Do You Need an Office in the Common House?

We have an office at Takoma Village in Washington DC. We are one of the larger communities with 43 households and almost 100 residents. Smaller communities may need only a corner of a room but I can’t imagine not having a central place for business records, etc.

Not all our records are in our office because many are online. Minutes and financial reports are also distributed via email. All our records are supposed to be on the website, but as website manager I haven’t yet accomplished this. We are considering a professional property management website to store documents and replace the website so more people can post information. We will still need an office.

In the office we have:

A filing cabinet for Facilities Team invoices, information packets, bids, etc.

A filing cabinet for Admin Team mostly with old files.

Two locked key boxes — one for the CH keys and one for keys to the units.

DVD and VCR movies that people borrow.

Paper cutter, 3-hole punch, binder maker (the plastic report cover binders).

A table and chairs for working and for small meetings.

A book case for containers of guest room linens.

Bins for construction drawings and the old flip chart pages from meetings.

The stand for the flip charts and extra flip chart pads.

A desk top computer and a printer/fax/copier. Some people use it regularly in addition to their laptops or phones. Some don’t have printers and use this one. (In 2000, it was the primary home computer for many people.) Others use it for back up when theirs are broken or they want to check their email when they are in the CH. It can also be used to show website information in small meetings.

A telephone which is listed as our public number, with extensions in the dining room and kids play room. We could have an extension in all rooms but these are the main places where we want an emergency phone to call 911 or for children to call home. There is also an extension in the guest rooms, but with cell phones I doubt if many guests use it. The office phone is attached to the printer/fax/copier and to an answering machine for people who call for information.

Storage for paper for the computer and printer cartridges. Dictionary, yellow pages, other information sources and references.
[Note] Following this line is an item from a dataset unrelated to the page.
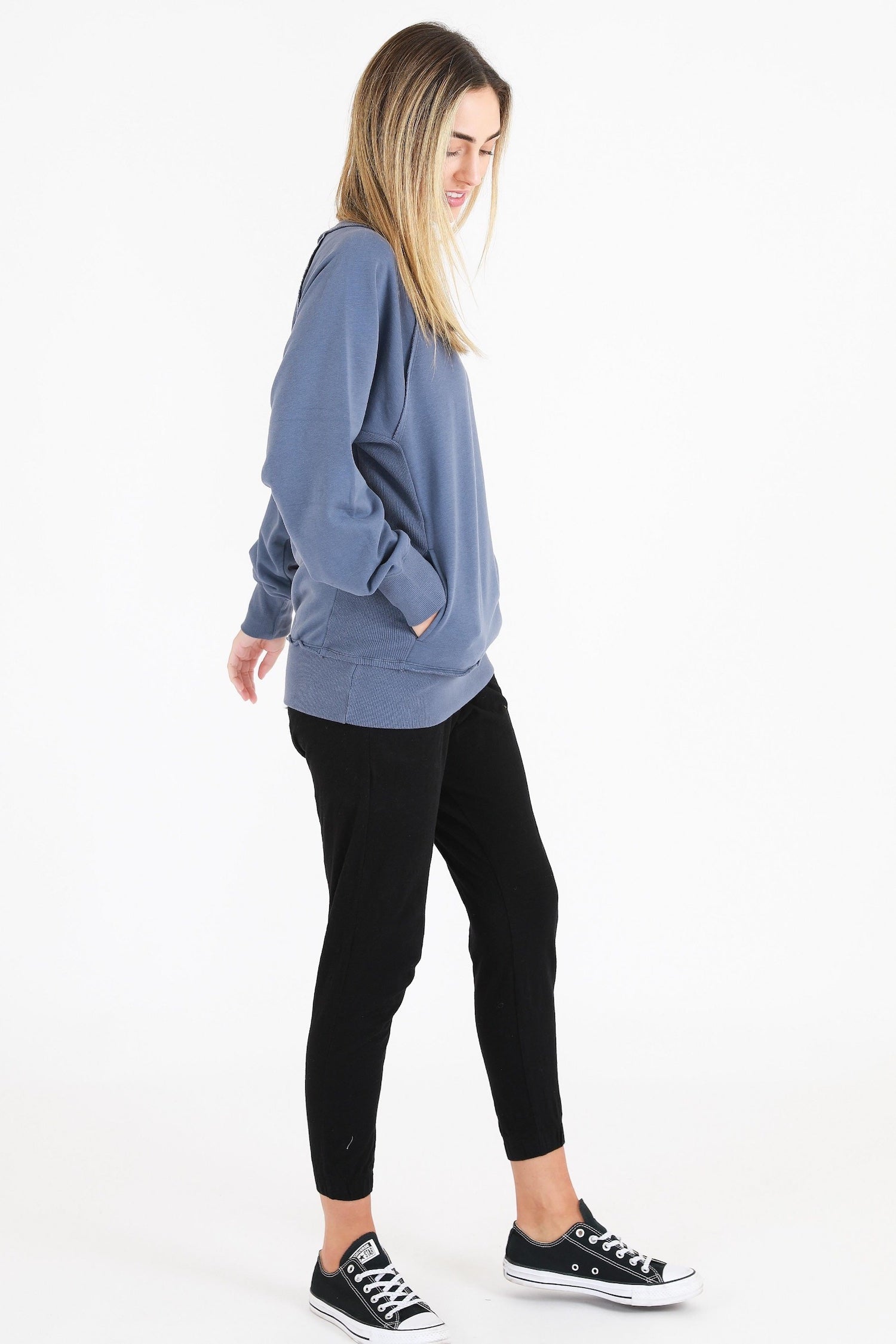 navy sweater women's #color_bluestone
Pencils, scissors, pencil sharpener, stapler, etc.

Bookcase with the closeout binders from initial construction and furnishing. Has all the information on the products used and the sources. Often the prices. Product handbooks. These are a gold mine of information. After 15 years we consult them often when replacing things.

In the desk for the computer, we have drawers that hold odds and ends that the tech pod saves (cords, spare switches, etc.). The book for checking out guest room keys and putting in checks to pay for use. A drawer for odds and ends and in which lost phones and keys are placed so they are in a locked room.

The office is also temporary storage for current projects. Right now inserts to be installed in the kitchen cabinets. A box of our worked-enough puzzles to be sent to a puzzle club. Paint and fabric samples from refurbishing.

We use the workshop for storage of alcohol and R-rated movies because there is less in and out and the door is less likely to be left open. One reason to lock the office is security for the computer (a big issue in 2000 when they were more valuable for resale) and to limit teens access to R-rated websites.

It sounds like a lot of stuff but it isn’t a big room. 8’x 10’ ? I can’t imagine how a community could function collaboratively without a central office or at least an office corner of a larger room.